Onlar hiçbir zaman resmi bir kayıt altında olmadılar. Bir yerde bulunduklarına dair hiçbir iz bırakmadılar. Düşmanları onları tanıyamadan öldü, dostları ise varlıklarını ancak gölgelerinden anladı. Gölge Timi, devletin en gizli operasyonlarında kullanılan ve yalnızca en ölümcül askerlerden oluşan bir timdi. Onlar emir almazdı, onlar emir vermezdi. Onlar sadece işlerini yapardı.
Ve bu timin başında, Yüzbaşı Çağdaş Sönmez vardı.
Yüzbaşı Çağdaş Sönmez (Kod Adı: "Cellat")
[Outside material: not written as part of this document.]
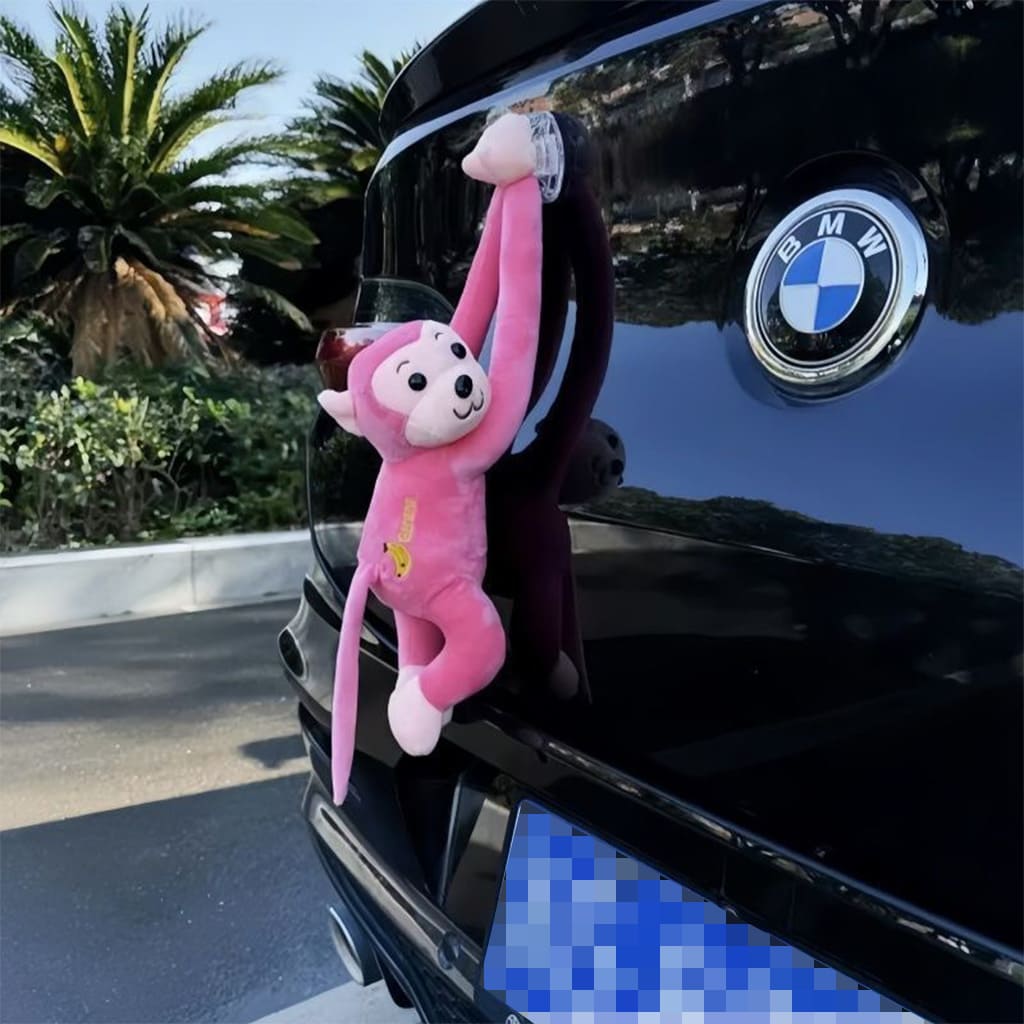 cute car decorations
Buz gibi bir hava... Rüzgar uğulduyor ama içeride sessizlik hakim. Bir depo. Karanlık. Bir adam beton zeminde diz çökmüş. Başı önüne düşmüş, kanı yavaşça yüzünden süzülerek gömleğine karışıyor. Önünde dimdik bir siluet duruyor. Ne bir öfke var gözlerinde ne de bir acıma. Yalnızca katıksız bir boşluk.
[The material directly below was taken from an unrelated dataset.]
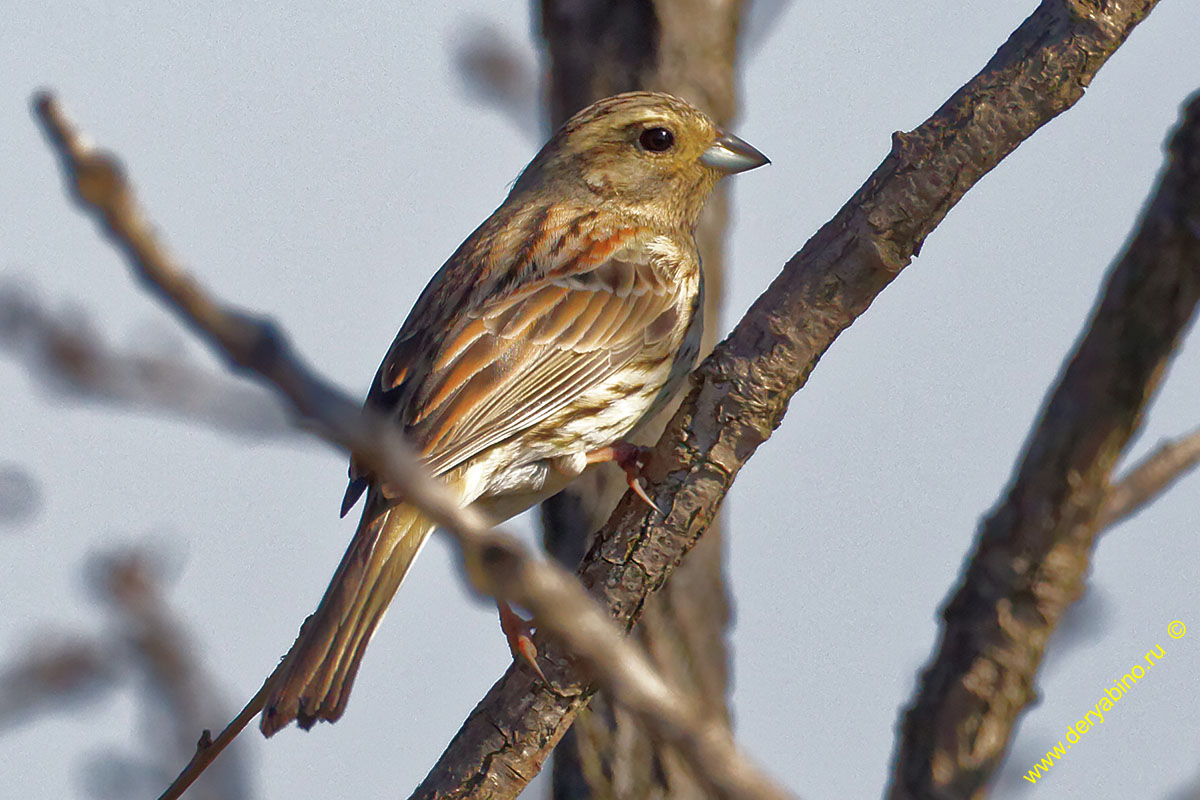   Emberiza cirlus Cirl bunting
Adam kısık bir sesle fısıldıyor:
"Beni öldüreceksin, değil mi?"
Yüzbaşı Çağdaş Sönmez başını eğiyor, gözlerini adamın yüzüne dikiyor.
" Beni gördüysen, zaten ölüsün."
Tetiğe basıyor. Ses yankılanıyor. Karanlık yine karanlıkta kalıyor.
31 yaşında.
Bir komutanın sahip olması gereken her özelliği taşıyor. Emirleri sorgulanmaz, kararları değişmez. Duyguları yok mu? Vardı. Çocukken belki. Ama artık yok. Çünkü bir komutan duygularını taşıyamaz. Bir komutan ekibini taşımalıdır. Ve o, taşıyor. Timini bir avuç asker olarak değil, bir avuç hayalet olarak yetiştirdi. Çünkü hayaletler ölmez.
Ona "Cellat" derlerdi. Çünkü onun verdiği emirden sonra hiçbir düşman hayatta kalmazdı. Çünkü onun adı geçtiğinde düşmanlar bile sessizleşirdi.
Timindekiler ona asla "Çağdaş" demezdi. Onunla özel bir bağ kurmaya çalışan herkes eninde sonunda hayal kırıklığına uğrardı. O bir liderdi, ama bir arkadaş değildi. Bir dost değildi. Bir baba değildi. Tabii bu görünen kısmıydı. Aslında timindeki herkesle kardeş gibiydi ama timinden ve komutanından başka kimse bunu bilmezdi.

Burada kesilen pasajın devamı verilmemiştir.